Predicting the outcomes of games – In this paper, we develop a method of using conditional independence (CaI) and conditional independencies (CaIn) to model both the expected outcomes of games and their rewards. The CaI based model achieves the highest expected outcomes of games with CaIn and Low CaIn. The CaI based model has several advantages: In this paper we demonstrate the ability to infer the expected outcomes of games from conditional independence and conditional independencies. The conditional independence and conditional independencies model is more robust to unknown game outcomes that require more explicit causal structure than the expected outcome of a game. Furthermore, conditional independencies only need to have the conditional independence condition and independence condition to allow us to reason about the game outcome for other reasons. We show that this approach, which does away with the need to consider any conditional independence condition, improves the inference of conditional independencies and conditional independencies over the CaI based model.
We propose a method for extracting features from visual images that has been well studied in visual and natural language processing. Our method is based on the convolutional neural network (CNN) and discriminative feature descriptors, both of which are a prerequisite for obtaining reliable and accurate visual segmentation. Previous work has focused on extracting features from video but not on human-level visual features. To tackle this, we use convolutional CNN that generates a fully convolutional network that learns features from a small number of labeled videos. The feature descriptor in this network is the input feature vector of a visual network, and thus we are able to easily infer the full descriptor by comparing the discriminative feature distribution across videos. Experiments on three public benchmark datasets demonstrate the importance of the discriminative feature descriptors and the ability to infer a single visual segmentation, in contrast to most state-of-the-art supervised and human-level visual segmentation methods.

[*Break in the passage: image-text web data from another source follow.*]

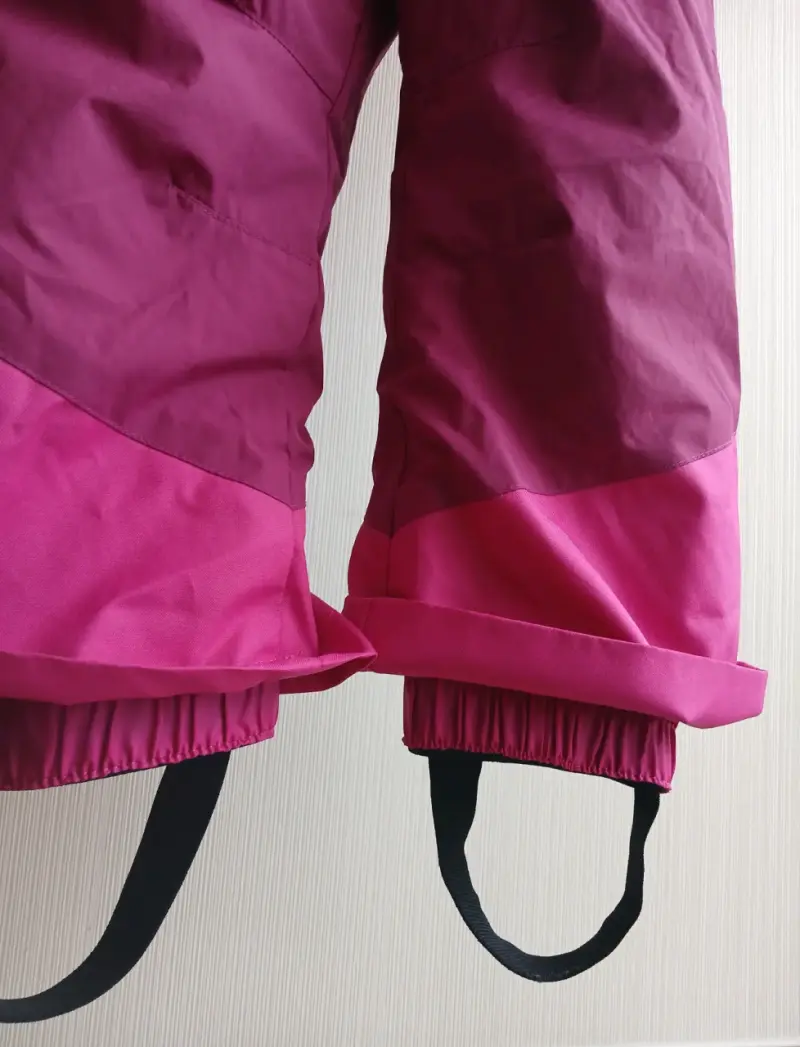 Enterito de nieve. Talla 4 años, rosa.  Decathlon - 6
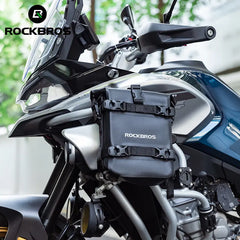 MOTO VANGUARD RockBro 5L 100% Waterproof PVC Motorcycle Side Bag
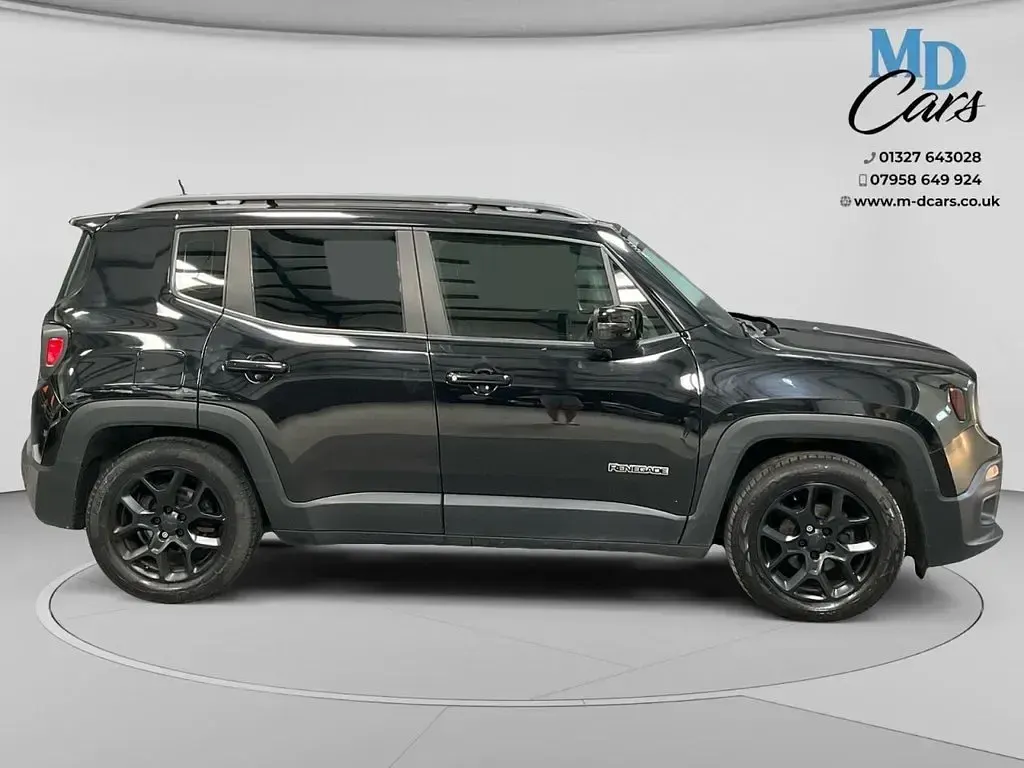 Used Jeep Renegade Longitude 2015 Black SUV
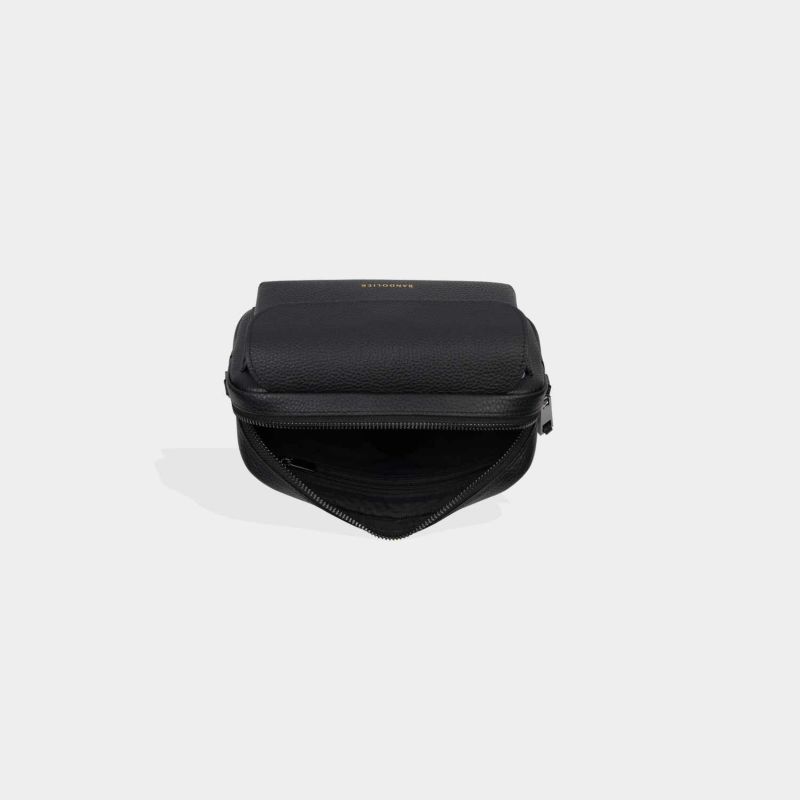 DILLON BLACK BAG ディロン ブラックゴールド バッグ | バンド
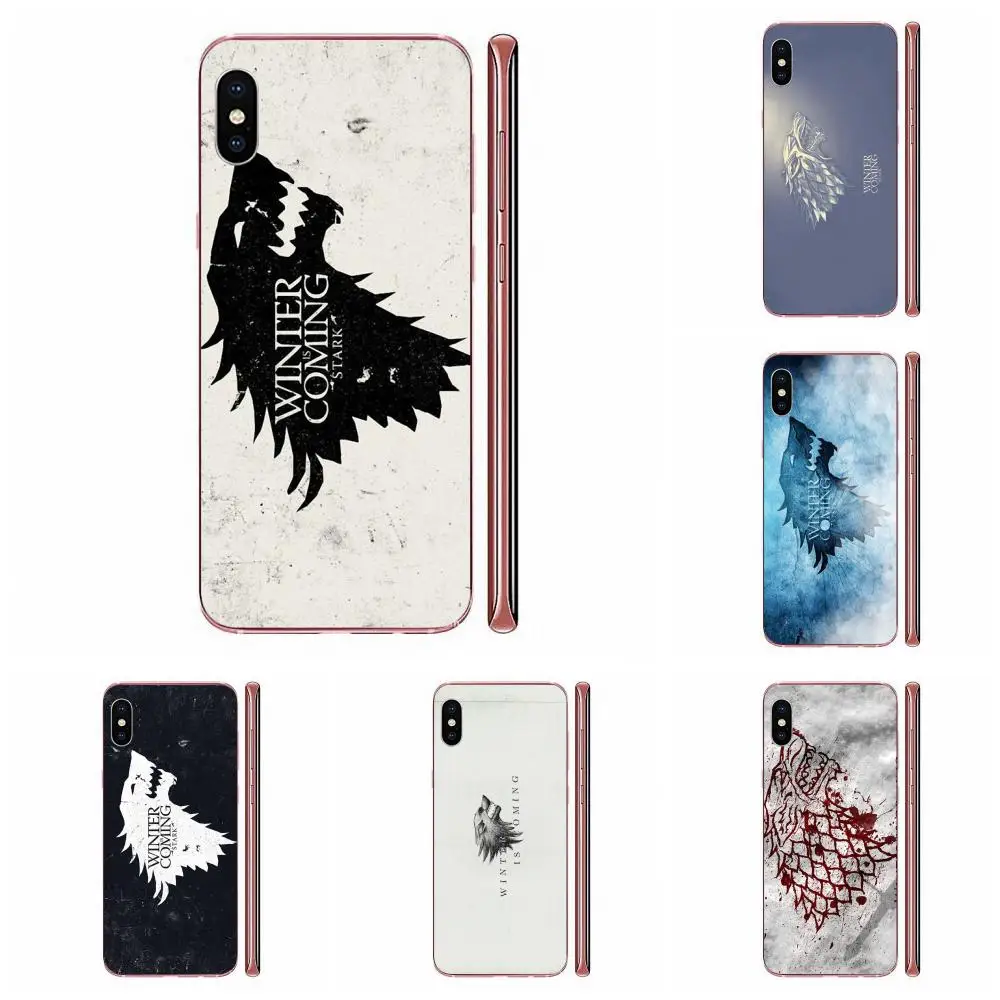 Winter Is Coming The Cool Wolf TPU Cell Phone For Xiaomi Redmi Note 8 8A 8T 10 K30 5G Pro Motorola G G2 G3 G4 G5 G6 G7 Plus | Мобильные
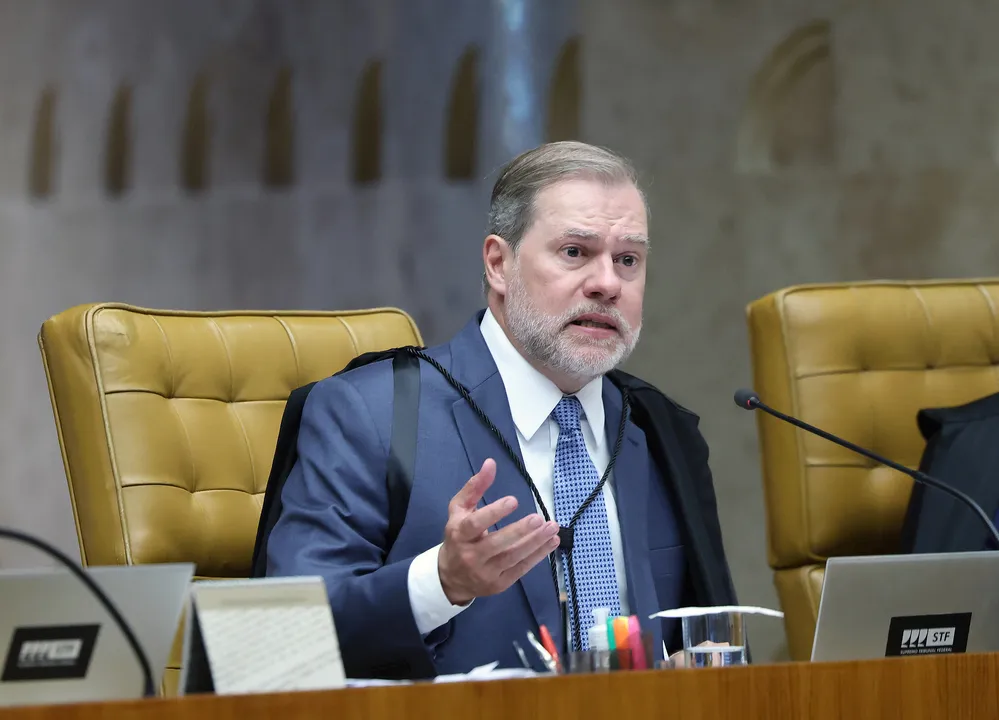 Ministro Dias Toddoli abriu mão de relatoria de açãoque avalia instalação da CPI do Banco Master.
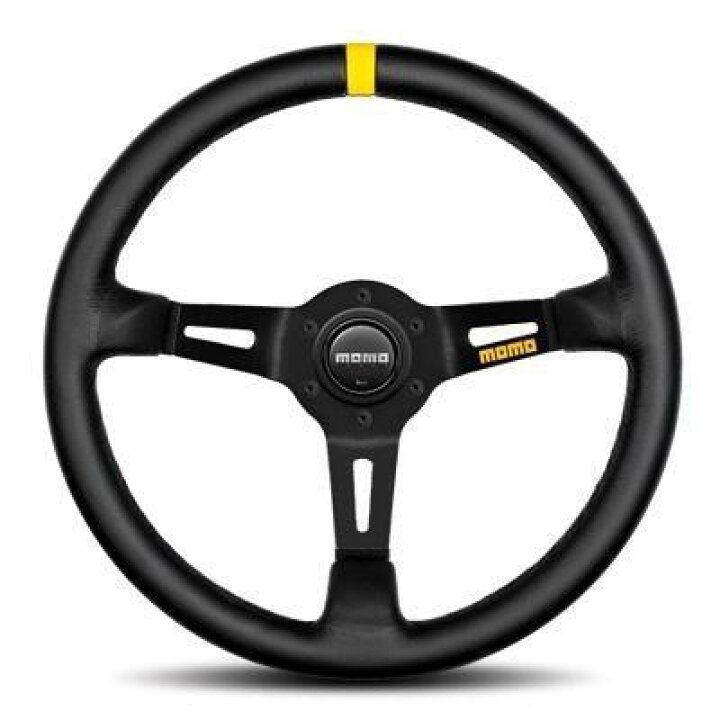 楽天市場】モモ(Momo) ステアリング MOD.08 35パイ BK M-58 : 海の風ストア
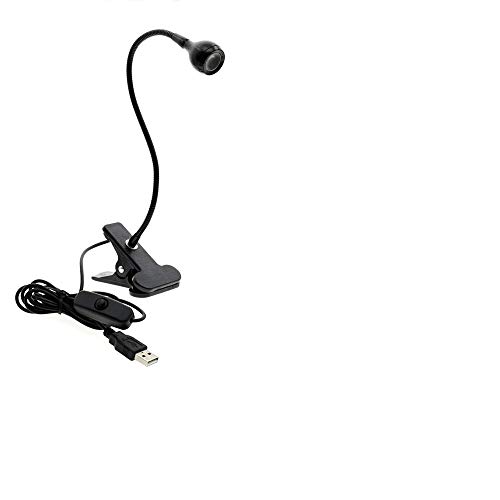 Preisvergleich Produktbild tischlampen 360-Grad-flexible USB-Tischlampe LED-Schreibtischlampe Cliphalter Nachttischlampeada Buchleuchte für Schlafzimmer Wohnzimmer Wohnkultur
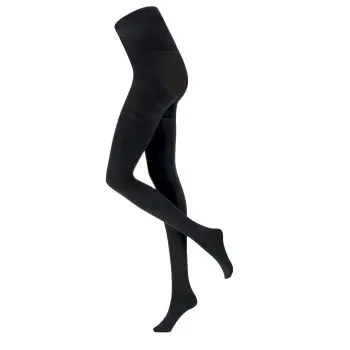 Oroblu Oroblu Strømpebukser Repos Shock Up 60 Opaque High Waist Svart Medium Dame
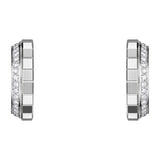 Chopard Ice Cube 18ct White Gold Diamond Earrings
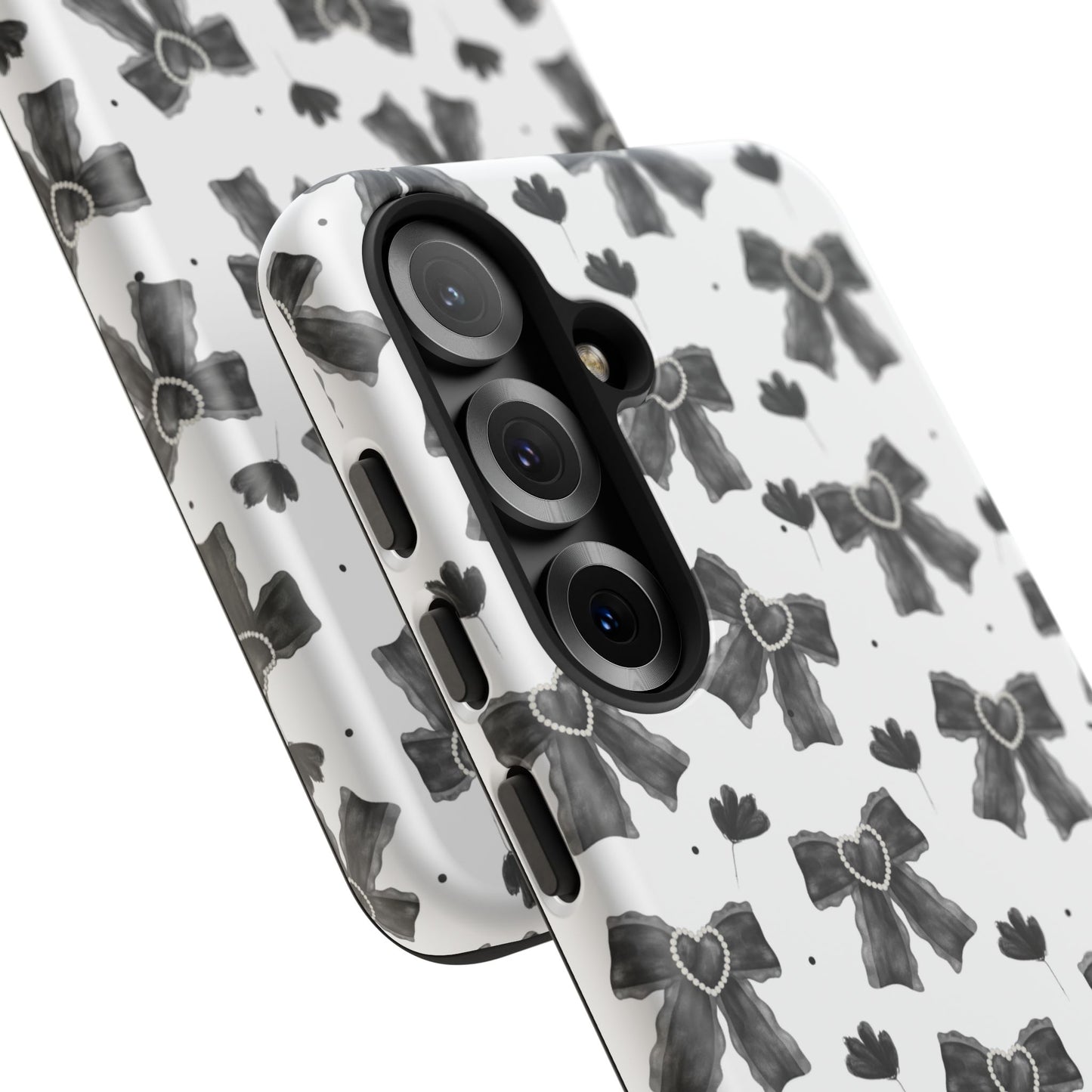 Midnight Bows Phone Case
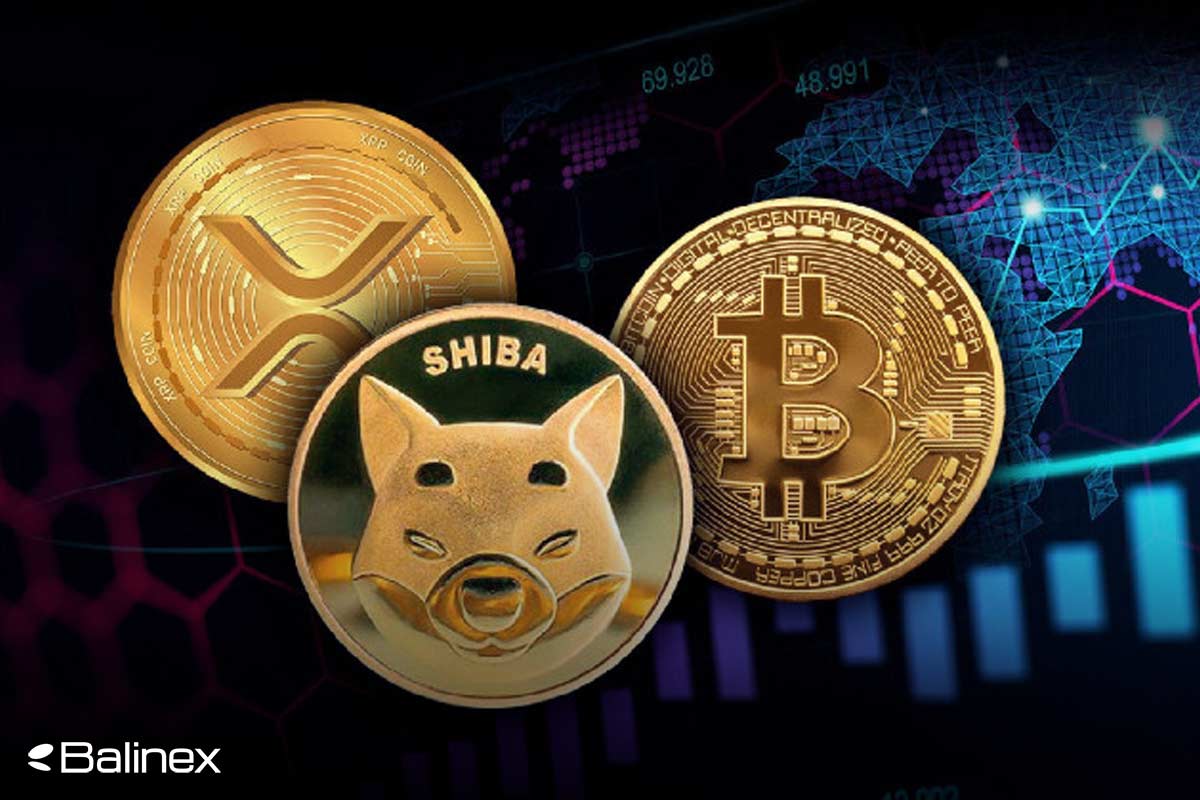 تحلیل تکنیکال بیت کوین، ریپل و شیبا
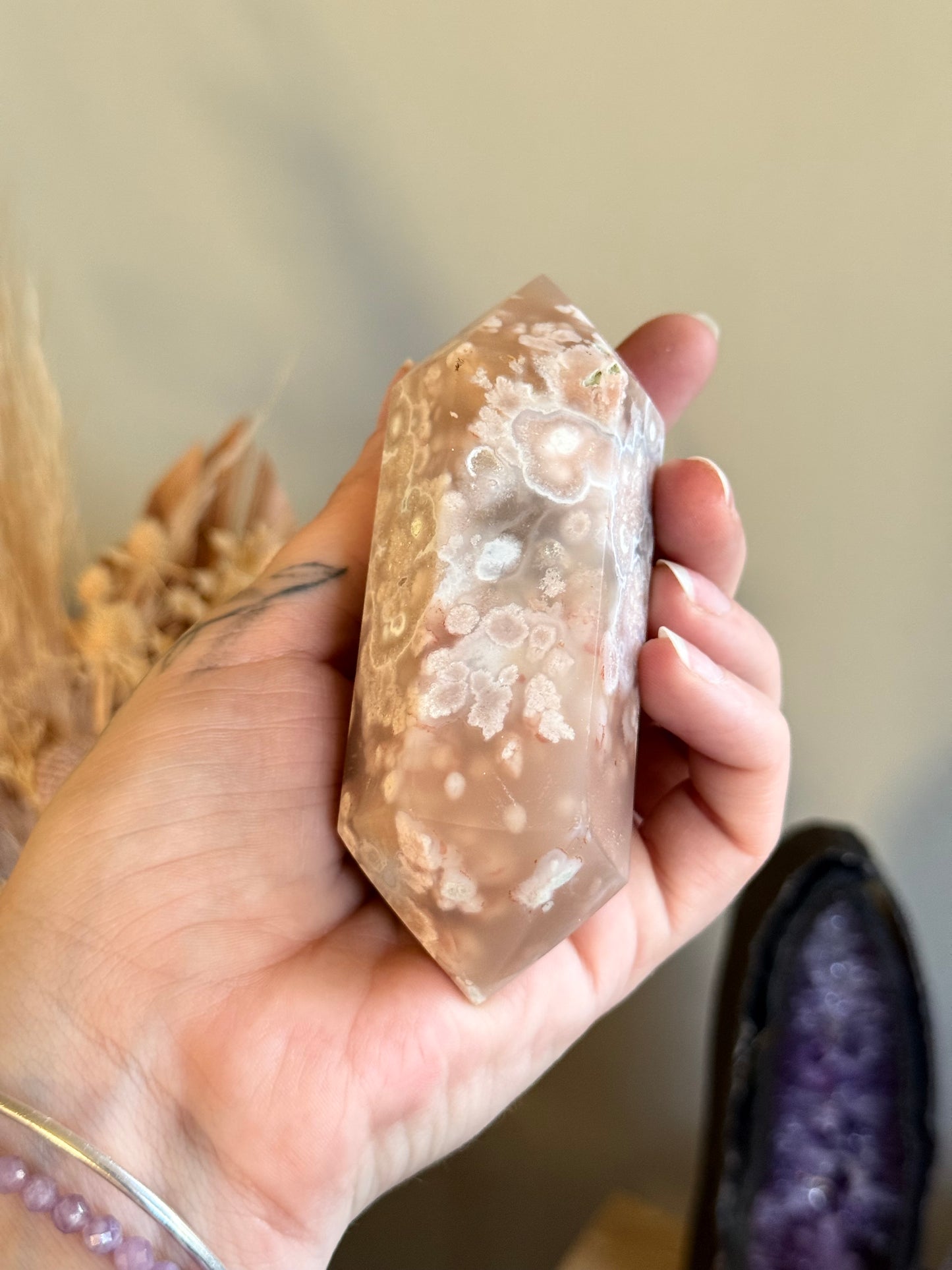 Flower Agate DT Point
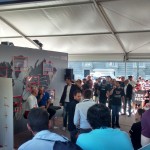 In the discussion panel with the Legends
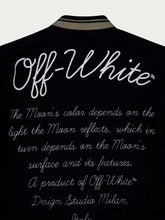 Off-White Logo-Appliqué Bomber Jacket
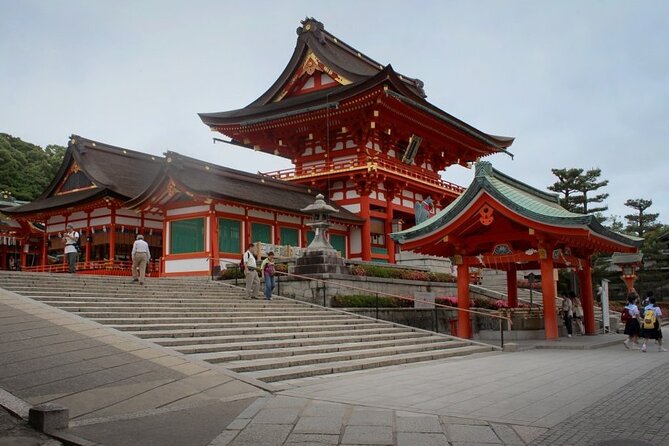 Kyoto & Nara Tour From Osaka/Kyoto: Fushimi Inari Taisha Shrine - Traveler Reviews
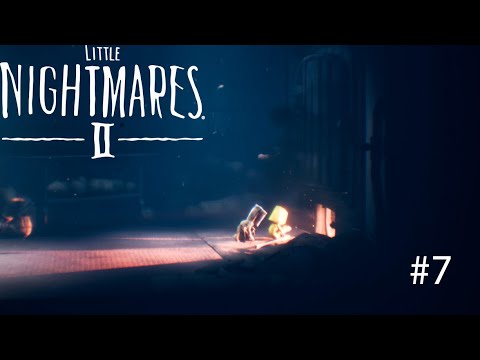 Видео: Топим печку (кем?)) Little Nightmares II #7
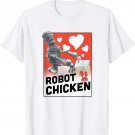 Washing Machine Full Of Hearts Chest Poster T-Shirt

Graph Classification: A Deep Neural Network Approach
A Bayesian Model for Data Completion and Relevance with Structured Variable Elimination
Predicting the outcomes of games
Graph learning via adaptive thresholding
Toward Distributed and Human-level Reinforcement Learning for Task-Sensitive LearningWe propose a method for extracting features from visual images that has been well studied in visual and natural language processing. Our method is based on the convolutional neural network (CNN) and discriminative feature descriptors, both of which are a prerequisite for obtaining reliable and accurate visual segmentation. Previous work has focused on extracting features from video but not on human-level visual features. To tackle this, we use convolutional CNN that generates a fully convolutional network that learns features from a small number of labeled videos. The feature descriptor in this network is the input feature vector of a visual network, and thus we are able to easily infer the full descriptor by comparing the discriminative feature distribution across videos. Experiments on three public benchmark datasets demonstrate the importance of the discriminative feature descriptors and the ability to infer a single visual segmentation, in contrast to most state-of-the-art supervised and human-level visual segmentation methods.